A verbatim copy of the listing is what is needed, minus any pictures.
(DATA PROVIDED begins)
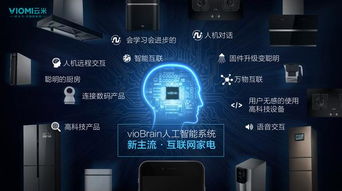 小米系创新品牌,云米引领智能家居新趋势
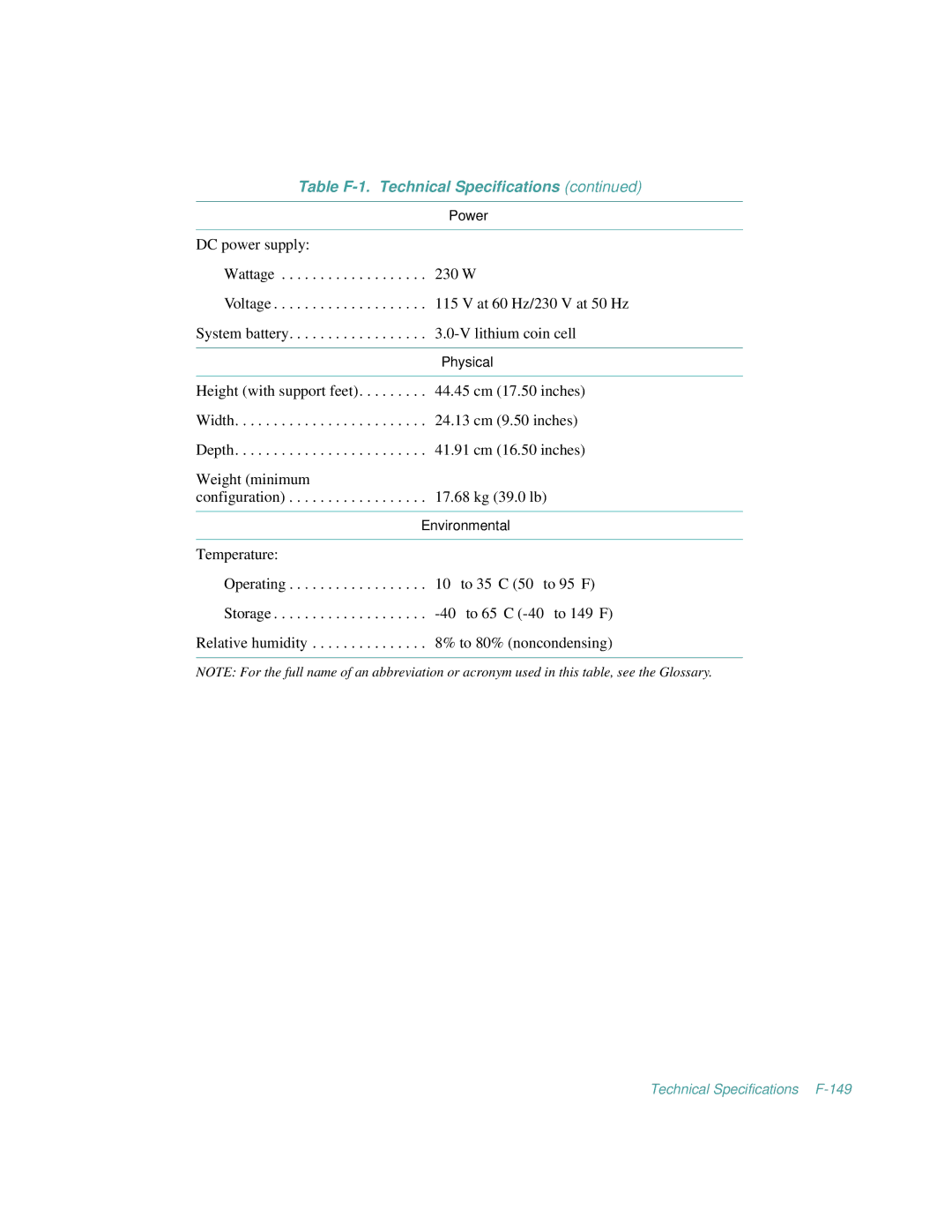 Dell 2100/200, 2100/180 manual Technical Specifications F-149 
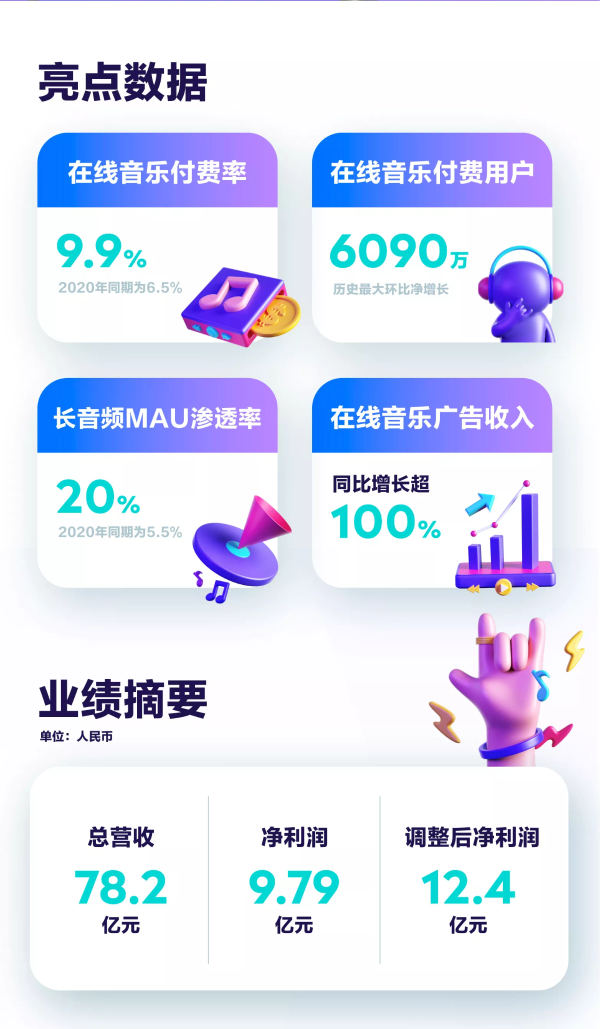 腾讯音乐付费用户增长率40%超Spotify，中国成世界音乐市场焦点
(DATA PROVIDED ends)
▶ [EXPECTED OUTPUT]
 小米系创新品牌,云米引领智能家居新趋势
 Dell 2100/200, 2100/180 manual Technical Specifications F-149 
 腾讯音乐付费用户增长率40%超Spotify，中国成世界音乐市场焦点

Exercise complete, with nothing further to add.